I'm using for the first time the GCS Speech API for a project to convert a series of audio files to text. Each file has around 60 minutes and is a person talking continuously during the whole time. I've installed the GC SDK and I'm using it to perform the requests as shown bellow:
gcloud ml speech recognize-long-running \
"/path/to/file/audio.flac" \
--language-code="pt-PT" --async
Every time I run this on one of my recording, it gives the following error message:
ERROR: (gcloud.ml.speech.recognize-long-running) INVALID_ARGUMENT:
Request payload size exceeds the limit: 10485760 bytes.
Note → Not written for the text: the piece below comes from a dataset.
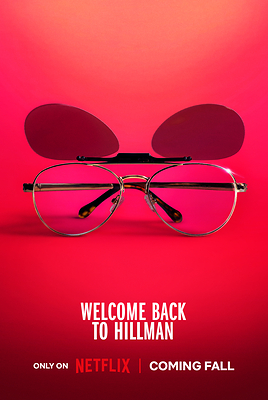 Vontélle x DEEMED Brings Dwayne Wayne's Iconic Flip-Up Glasses Back to the Screen in Netflix's "A Different World" Sequel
It seems to be a very hard restriction because if the API is able to process files up to 180 minutes, there's no way it'll output a maximum of 10,000 characters worth of speech.
I've tried to split the audio files into smaller pieces and reached up to four 15 minute samples and even so I've got the same error. Besides, even if it worked, it would be a very tedious and impractical task to split every new recording I make from here forward.
I've been searching and so far I haven't reached any conclusion about how to increase or circumvent this limitation. I'm on a free trial account but I'm happy to upgrade to a paid subscription to have this limit increased. As far as I understood, this limitation will persist even if I'm on a paid subscription.
Has anyone found any solution for this problem?